- _What the task requires_: Copy all records exactly; omit pictures.

[Caption-style text data]
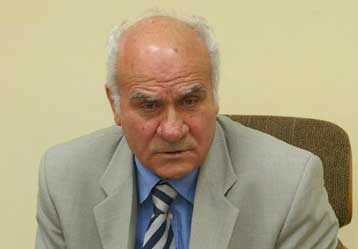 Καταγγελία για απειλές εις βάρος του ΕΟΦ μετά την έφοδο στις αποθήκες Τζέκου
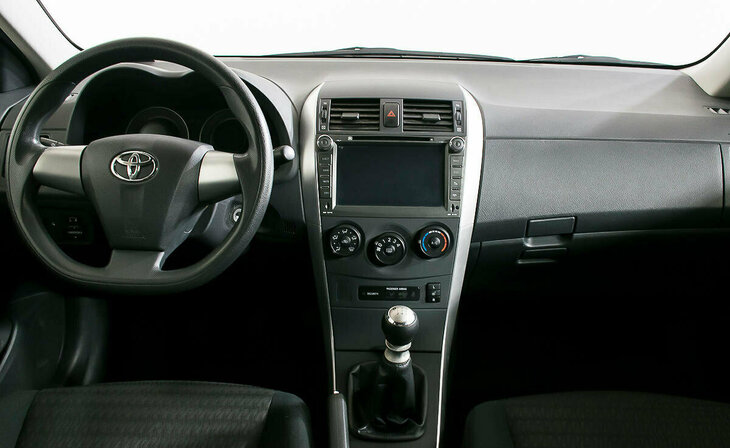 Toyota Corolla - Фото 10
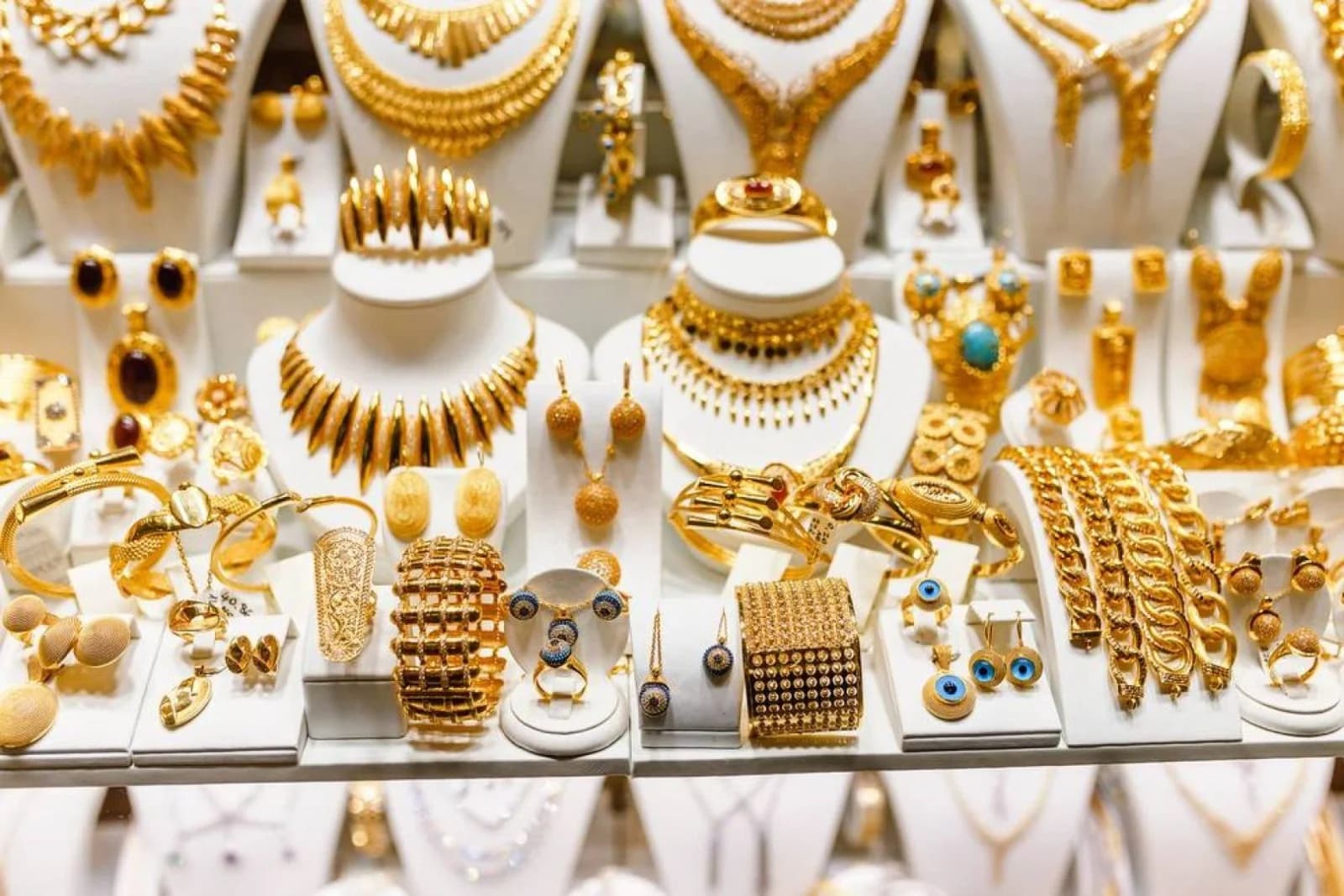 صعود الذهب في الأسواق المحلية وسط ارتفاع أسعار الصرف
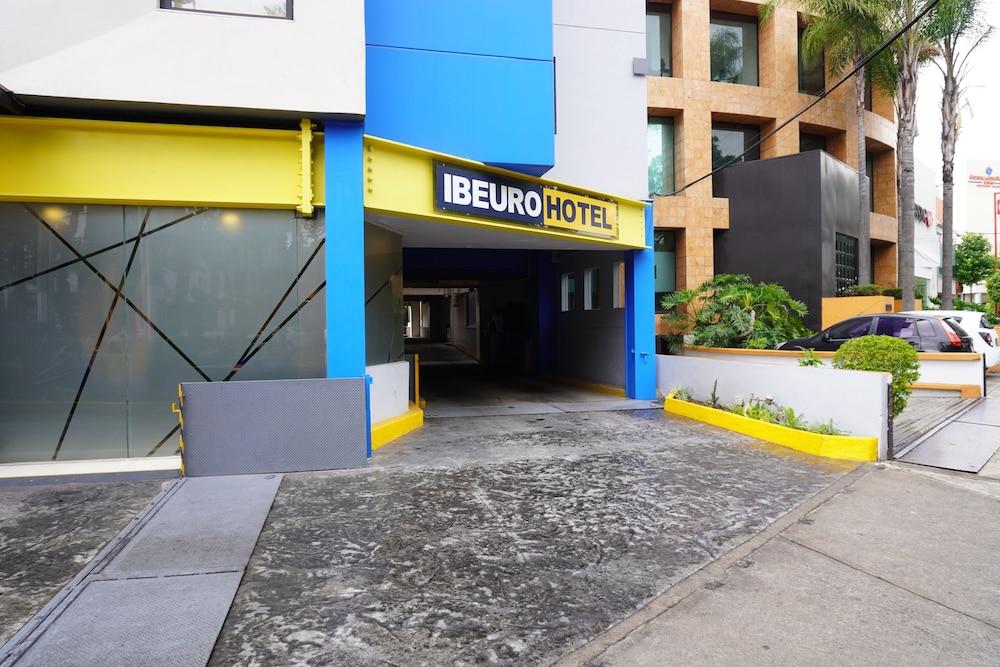 Hotel Ibeurohotel Expo - A Lado Del Centro De Convenciones 3*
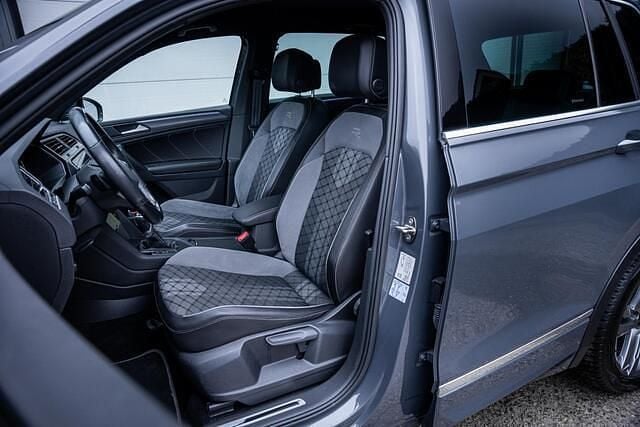 Occasion VW Tiguan R-line 150 PK (110 kW) 2021 Grijs SUV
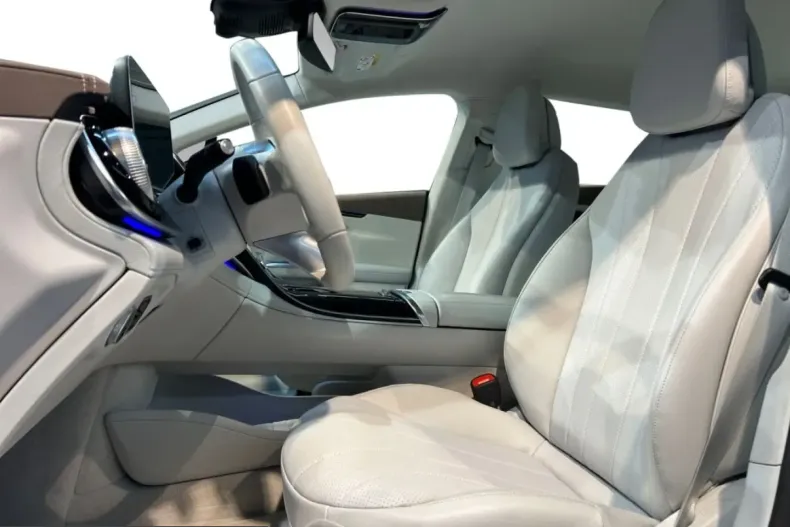 Mercedes-Benz EQE din 2023 cu 45.939 km - oferta MER205096 - foto 6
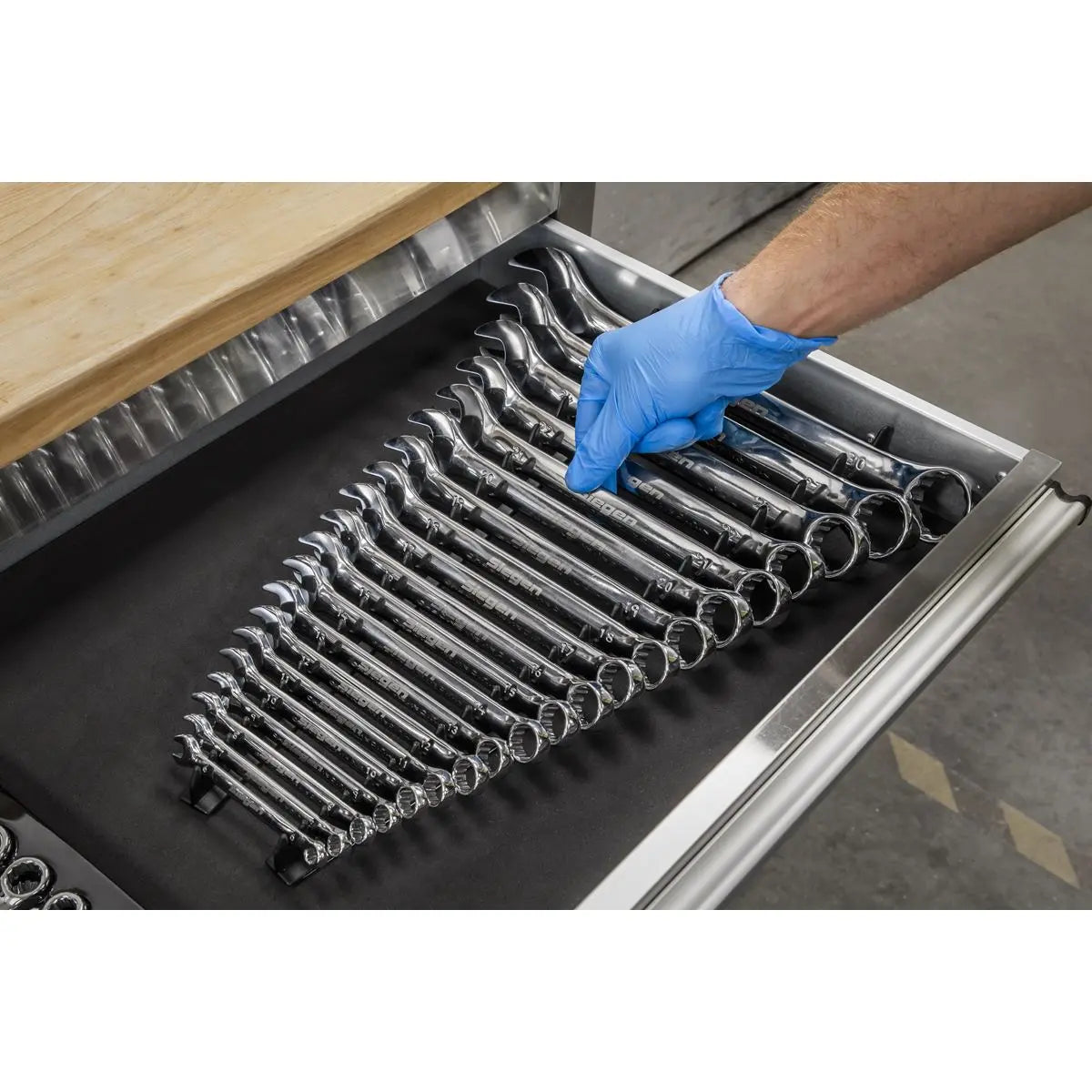 Sealey 2 Piece Sharks Teeth Spanner Rack Capacity 20 Spanners 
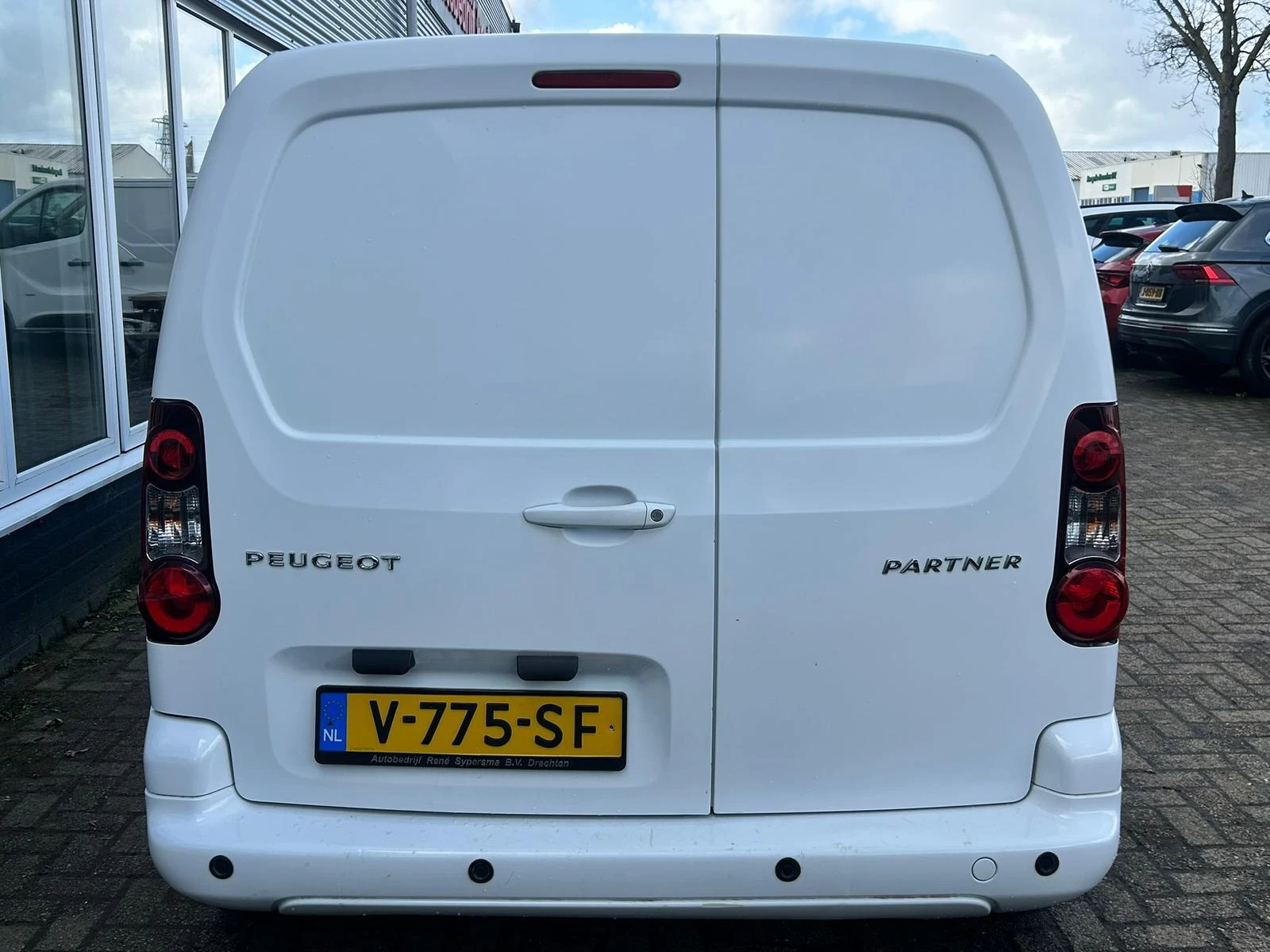 Hoofdafbeelding Peugeot Partner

- _Reply_:
 Καταγγελία για απειλές εις βάρος του ΕΟΦ μετά την έφοδο στις αποθήκες Τζέκου
 Toyota Corolla - Фото 10
 صعود الذهب في الأسواق المحلية وسط ارتفاع أسعار الصرف
 Hotel Ibeurohotel Expo - A Lado Del Centro De Convenciones 3*
 Occasion VW Tiguan R-line 150 PK (110 kW) 2021 Grijs SUV
 Mercedes-Benz EQE din 2023 cu 45.939 km - oferta MER205096 - foto 6
 Sealey 2 Piece Sharks Teeth Spanner Rack Capacity 20 Spanners 
 Hoofdafbeelding Peugeot Partner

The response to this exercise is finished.